How to set up a Data Science environment on Windows using Visual Studio Code
It is no mystery that I am profoundly in love with VS Code in many more ways than I’m comfortable admitting. Since my good friend Victor showed me the power of this application, I not only have never gone back to any other code editor but I’ve also even replaced other tools with it.
I’m currently doing a master’s degree and I have found myself using it as not only my main code editor and development environment but also my main tool for editing documents, opening PDFs, editing my site, etc…
Tutorial index
- How to set up a Data Science environment on Windows using Visual Studio Code
- Tutorial index
- Why VS Code?
- Step 1: Install Anaconda
- Step 2: Install VS Code
- Step 3: Install Git
- Step 4: Set up our environment in VS Code
- Must have extensions (IMO)
- Step 5: Syncing your extensions, UI and settings
- Step 6: Pushing code to your repos on github
- Creating and cloning private repositories
- Committing code and pushing it
- Done!
- Thanks for checking out my article!
Why VS Code?
A few simple reasons without explanation and in no specific order:
- It’s mostly open source (it’s microsoft’s distribution of code-oss)
- It’s incredibly customizable
- It’s free
- It can edit scripts written in pretty much any programming language
Now that I’ve convinced you with my incredibly detailed explanation of why it’s good, we’re ready to install it and set up our development environment.
Step 1: Install Anaconda
Anaconda is an open source distribution that includes Python along with several other applications you can install.
It also includes several libraries that are useful for data science, machine learning, numerical operations and such.
1- Go to the Anaconda website
2- Click on download and select the download for your platform, in this case Windows.
3- Click on 64-Bit or 32-Bit depending on your system, most computers these days run 64-Bit operating systems.

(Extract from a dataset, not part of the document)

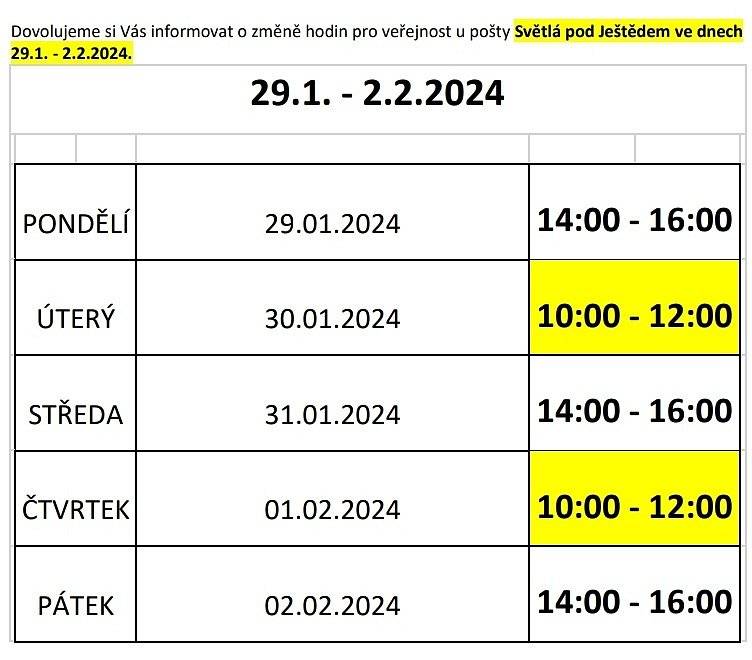 Dovolujeme si Vás informovat o změně hodin pro veřejnost u pošty Světlá pod Ještědem ve dnech 29.1.-2.2.2024. Více informací v přiloženém souboru.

4- We wait for the download to finish.
5- We open the installer file and follow the setup. Click on next after opening.
6- We agree with the license agreement.
7- Install for just your user or for all users, ideally just yours.

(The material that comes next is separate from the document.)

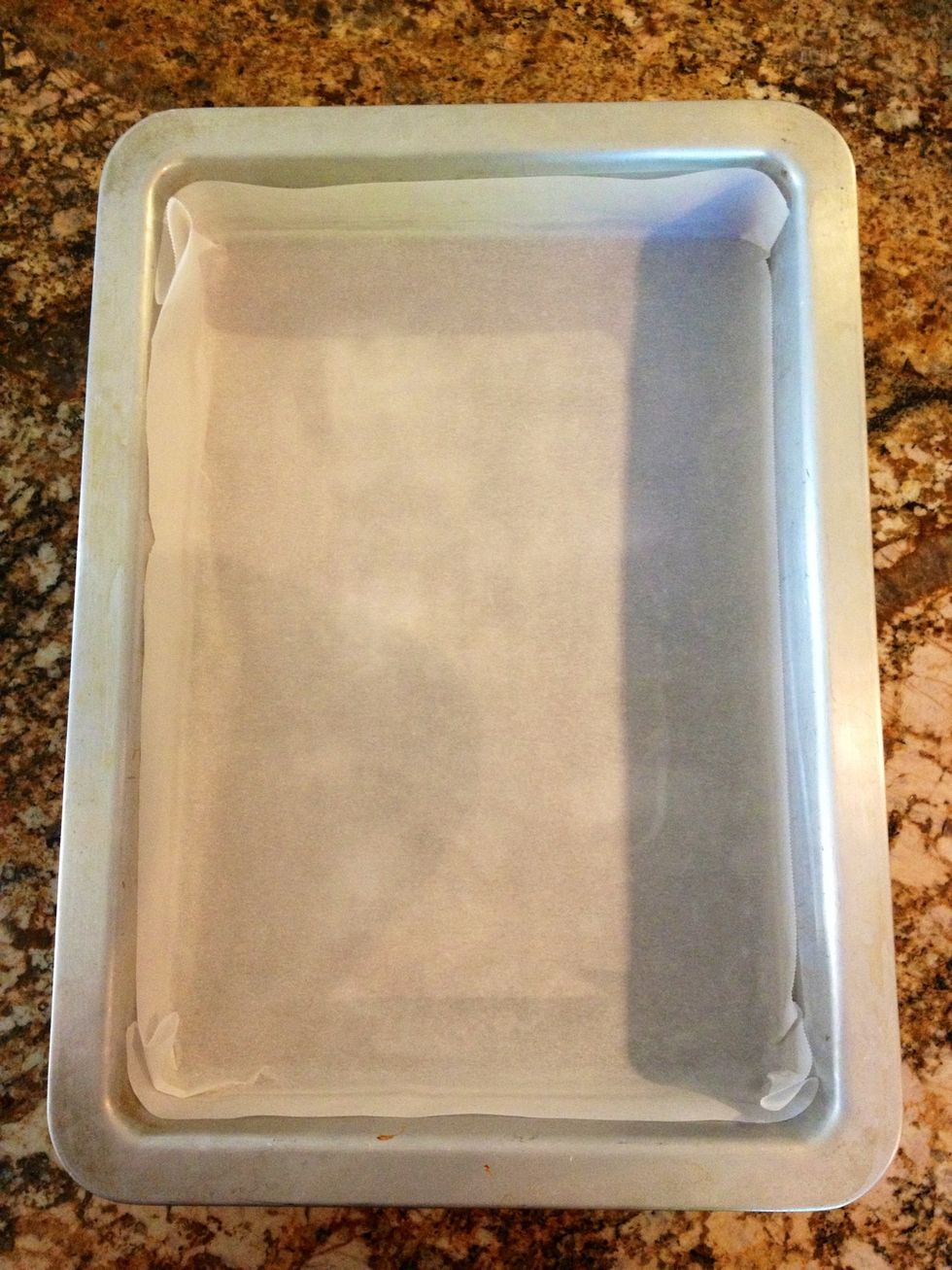 Line a 9x13 pan with parchment paper.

8- Choose the install location, be mindful that anaconda requires 2.7GB of space.
9- Make sure to register anaconda as your default python 3, this is the default option. Then click install.

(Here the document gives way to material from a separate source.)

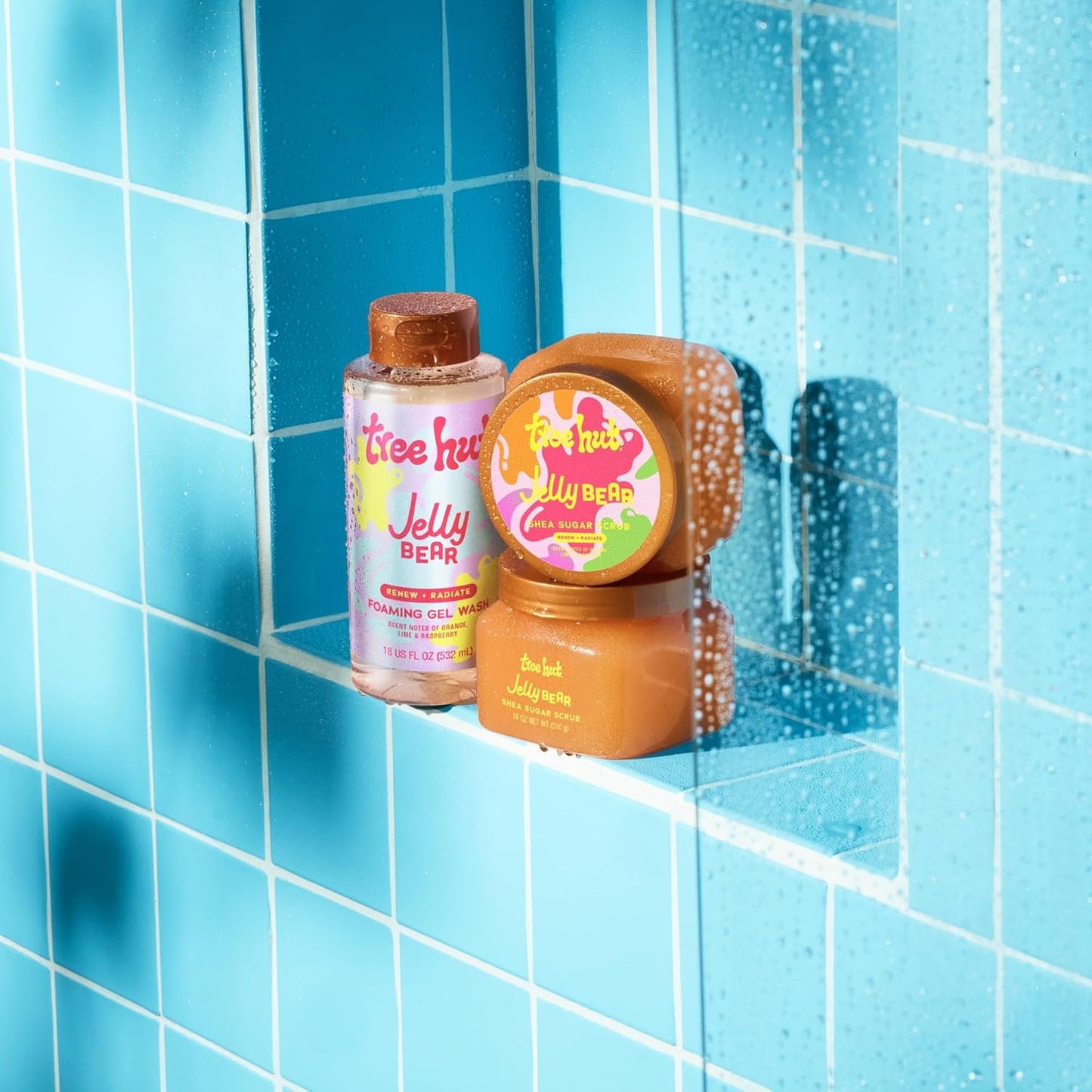 Tree Hut Jelly Bear Body Wash – Calming Scented Shower Gel for Meditation and Yoga Recovery, Soft Rose and Vanilla Fragrance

10- Wait for the installation to be done and then open cmd (Windows button -> type cmd -> open cmd). You should see the command prompt come up, type conda init and then enter on your keyboard.
11- Test if the environment has been initialized by typing “conda activate base” and then enter on your keyboard.
If you see base to the left of the path you’re in, then we’re done setting anaconda up!
Step 2: Install VS Code
In this next step we install VS Code. This only encompasses the process of getting the application installed, we will then set it up in Step 4 to work well with Python or R.
*Note: Rstudio is probably a better code editor for R, however, you can still open R files or R notebooks in VS Code and run them as long as you have the R interpreter installed on your computer.*
1- Go to the VS Code website. It’ll show the version to download for your platform in the blue download button.
2- Upon clicking we should get the download to start.
3- Once the download is compelted, we open the installer.
4- We accept the license agreement and continue.
5- We select the installation folder, we can just leave the defaul there and continue.
6- We decide whether to include it in the start menu or not and continue.
7- We add code to PATH and select additional options we may want. I personally would add the “Open with Code” option to the windows explorer context menu and register the application for the supported file types.
This is completely optional though.
8- We install the application
9- We wait for the installer to do its thing.
10- And we’re done, we can decide to launch VS Code now, we can go ahead and do that and go to Step 3.
Done!
Note: when opening VS Code for the first time you might get a firewall prompt like the following:
When this comes up, make sure to allow access!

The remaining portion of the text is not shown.